ヒミツにふれて、ふれさせて。
・・・
誕生日当日は、近海くんが5分だけ遅れて鎌倉駅に到着した。
「家の主が遅れるってどーいうことなのよ」と怒っている茶々ちゃんと珠理。それに対して、「ごめんごめん」と笑っている近海くん。
…そして、昨日の夜からテンションが下がっている、ワタシ。
「ちょっと、めご。いい加減、そのどんよりした空気やめなさいよ」
そんなわたしを見兼ねて、瀬名は肘でわたしの脇腹を押しながら言った。
「いいでしょ、別に。プレゼントはわたしとめごからってことにしたんだから」
「…うう」
わたしはというと、珠理の誕生日プレゼントが決まらずに、当日を迎えてしまっていた。瀬名とそれなりにお店を回ったりもしたのだけれど、納得いくものがなくて、わたしからのものは買えず。
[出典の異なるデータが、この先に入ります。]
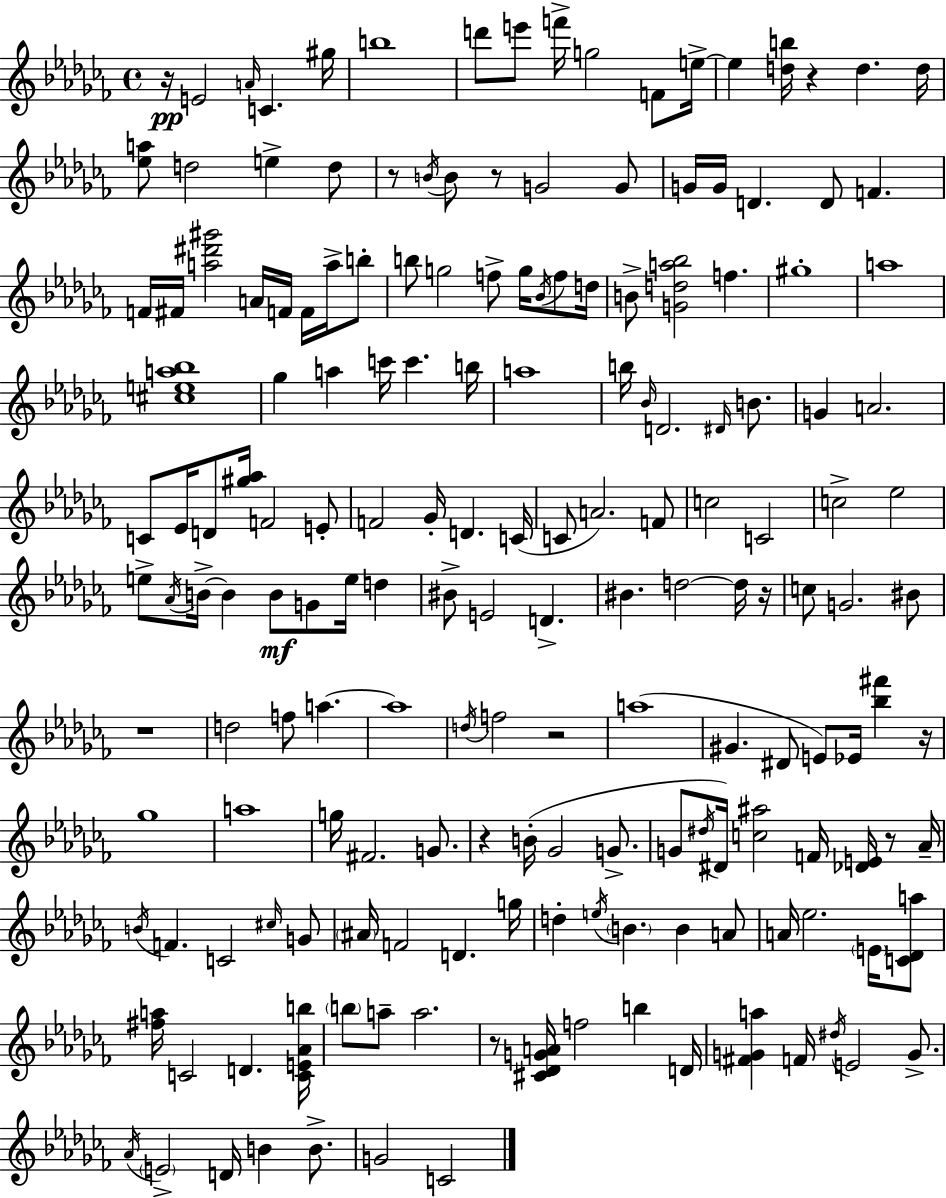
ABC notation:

X:1
T:Untitled
M:4/4
L:1/4
K:Abm
z/4 E2 A/4 C ^g/4 b4 d'/2 e'/2 f'/4 g2 F/2 e/4 e [db]/4 z d d/4 [_ea]/2 d2 e d/2 z/2 B/4 B/2 z/2 G2 G/2 G/4 G/4 D D/2 F F/4 ^F/4 [a^d'^g']2 A/4 F/4 F/4 a/4 b/2 b/2 g2 f/2 g/4 _B/4 f/2 d/4 B/2 [Gda_b]2 f ^g4 a4 [^cea_b]4 _g a c'/4 c' b/4 a4 b/4 _B/4 D2 ^D/4 B/2 G A2 C/2 _E/4 D/2 [^g_a]/4 F2 E/2 F2 _G/4 D C/4 C/2 A2 F/2 c2 C2 c2 _e2 e/2 _A/4 B/4 B B/2 G/2 e/4 d ^B/2 E2 D ^B d2 d/4 z/4 c/2 G2 ^B/2 z4 d2 f/2 a a4 d/4 f2 z2 a4 ^G ^D/2 E/2 _E/4 [_b^f'] z/4 _g4 a4 g/4 ^F2 G/2 z B/4 _G2 G/2 G/2 ^d/4 ^D/4 [c^a]2 F/4 [_DE]/4 z/2 _A/4 B/4 F C2 ^c/4 G/2 ^A/4 F2 D g/4 d e/4 B B A/2 A/4 _e2 E/4 [C_Da]/2 [^fa]/4 C2 D [CE_Ab]/4 b/2 a/2 a2 z/2 [^C_DGA]/4 f2 b D/4 [^FGa] F/4 ^d/4 E2 G/2 _A/4 E2 D/4 B B/2 G2 C2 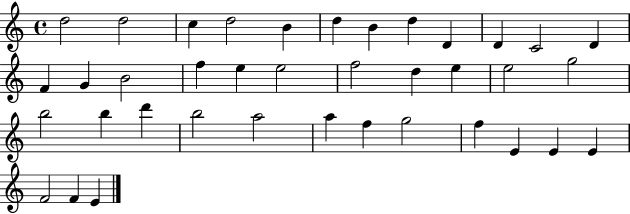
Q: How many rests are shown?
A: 0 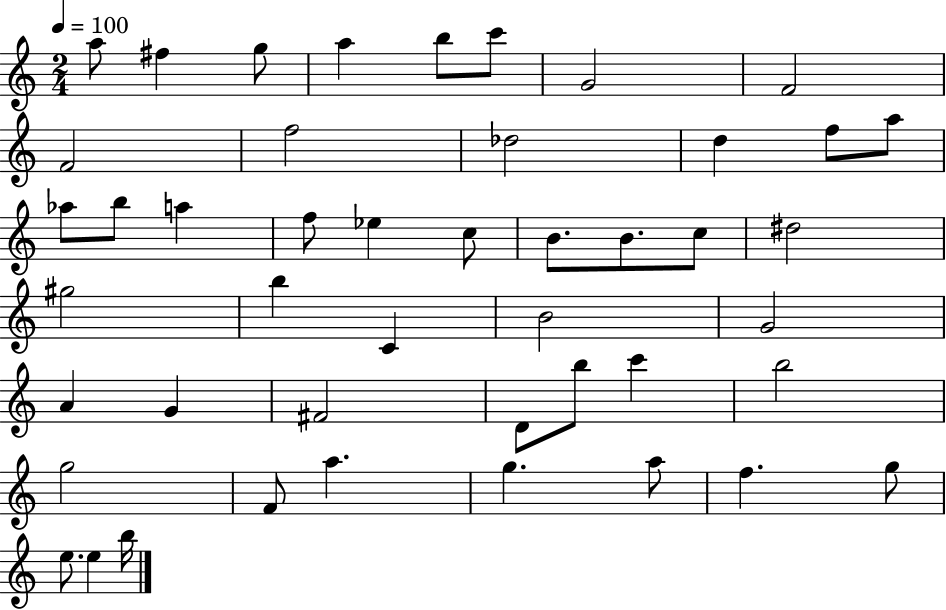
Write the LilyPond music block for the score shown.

{
  \clef treble
  \numericTimeSignature
  \time 2/4
  \key c \major
  \tempo 4 = 100
  a''8 fis''4 g''8 | a''4 b''8 c'''8 | g'2 | f'2 | \break f'2 | f''2 | des''2 | d''4 f''8 a''8 | \break aes''8 b''8 a''4 | f''8 ees''4 c''8 | b'8. b'8. c''8 | dis''2 | \break gis''2 | b''4 c'4 | b'2 | g'2 | \break a'4 g'4 | fis'2 | d'8 b''8 c'''4 | b''2 | \break g''2 | f'8 a''4. | g''4. a''8 | f''4. g''8 | \break e''8. e''4 b''16 | \bar "|."
}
代わりに瀬名が、「なんかミノくん、こーいうの好きそうじゃない?」と選んでいた、バスソルトや入浴剤を2人からということにしてもらった。……女子か?
「とりあえず、これで全員だな〜!ってことで、買い出しに行きますか〜〜」
「ちょっとオーミ。こーいうのってフツウ、主役に内緒でやっておくもんじゃないの」
色々と雑な近海くんに、「アンタはそれだからイマイチモテないのよ」とブツブツ呟いている珠理。それに同意しながら、後ろを付いていく茶々ちゃん。
色々とツギハギだらけな気がするこの集まりも、プレゼントの件を抜いたら楽しそうな予感しかしなかった。
鎌倉駅西口の方に集まっていたから、そこから近海くんの家の近くにあるスーパーまで歩くことになった。
近海くんが先頭に立って、その後ろをみんなで付いていく。わたしは瀬名と一緒に一番後ろを歩いていこうとしていた。
…でも、2、3歩みんなに近づいた、その時。
「………、めご?」
名前を呼ばれる、声が聞こえた。